Davalılardan ..., dava dilekçesinin tebliğine rağmen oturumlara katılmamış ve yanıt vermemiştir. Öteki davalılar ayrı ayrı davanın reddini savunmuşlardır.
Mahkemece, dava konusu taşınmazların tapulama tutanaklarının kesinleştiği 1966 – 1967 yılından davanın açıldığı 3.1.2001 tarihine kadar 3402 sayılı Kadastro Kanununun 12/3 maddesi hükmü uyarınca 10 yıllık hak düşürücü süre geçmiş olduğundan emsal olarak 7. Hukuk, 1. Hukuk ve 8. Hukuk Dairesinin ilanlarından bahisle davanın hak düşürücü süre nedeniyle reddine karar verilmiştir.
Hüküm, süresi içerisinde davacı tarafından temyiz edilmiştir.
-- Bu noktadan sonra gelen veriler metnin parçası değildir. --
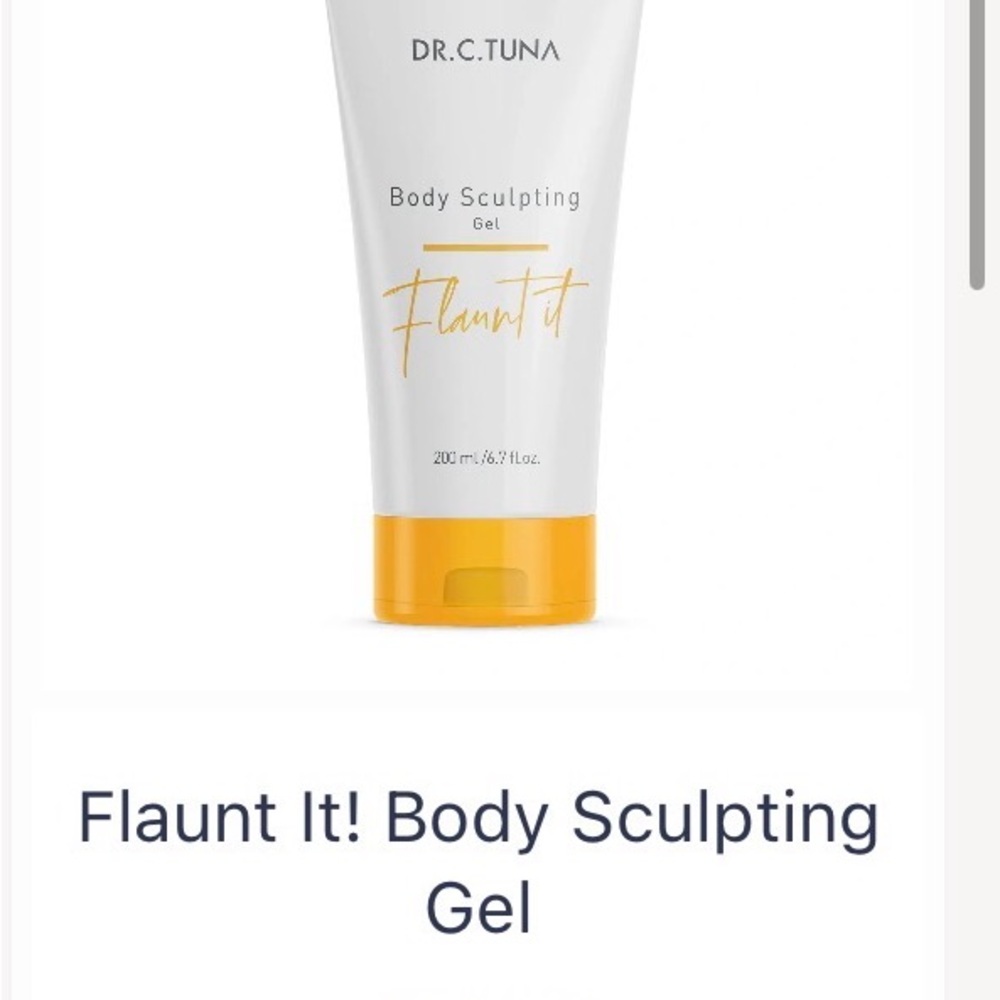 Flaunt It! Body Sculpting Gel — White & Yellow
Toplanan deliller, tüm dosya kapsamından; dava konusu parsellere ilişkin tapulama tutanakları, Tapulama Mahkemesinin kararları, çap kayıtları ayrı ayrı getirilmiştir. Yapılan incelemede 1216, 1535 ve 1650 nolu parsellerin tapulama tutanaklarının 14.05.1966 tarihinde, 577, 578, 661, 668, 868 ve 950 nolu parsellerin 23.2.1967 tarihinde, 1127 nolu parselin ise, Tapulama Komisyonu kararı uyarınca 4.12.1967 tarihinde, 1583 nolu parselin Tapulama Mahkemesi kararı uyarınca 29.3.1974 tarihinde kesinleşerek davalılar adına kayıtlar oluştuğu anlaşılmaktadır. 1056 nolu parsele ilişkin çap kaydı incelenmiştir. Bu yerin tapu memuru huzurunda yapılan satışla 2.3.1990 tarihinde dava dışı Kadir Kuvvettaş adına
kayıtlı olduğu belirlenmiştir. Hal böyle olunca, 1216, 1535, 1650, 577, 578, 661, 662, 868, 950, 1127 ve 1583 parsellerle ilgili olarak 766 sayılı Yasanın 31/2, 3402 sayılı Kadastro Kanununun 12/3 ve geçici 4. maddesi uyarınca hak düşürücü süreler geçtiği anlaşılmakla bu taşınmazlarla ilgili olarak davanın reddine karar verilmesinde bir isabetsizlik yoktur. Ancak, 1056 sayılı parsel yukarıda açıklandığı üzere tapu memuru huzurundaki temlikle davada yer almayan kişiye satılmıştır. Bu parsel yönünden açılan davanın taraf sıfatı yokluğu nedeniyle reddine karar verilmesi gerekir ise de, yerel mahkemece verilen karar tüm parseller için redde ilişkin olup, sonucu itibariyle doğru olan yerel mahkeme kararının açıklanan nedenlerle ONANMASINA ve aşağıda dökümü yazılı 18,40 TL peşin harcın onama harcına mahsubu ile kalan 2,75 TL"nin temyiz eden davacıdan alınmasına 19.01.2012 tarihinde oybirliğiyle karar verildi.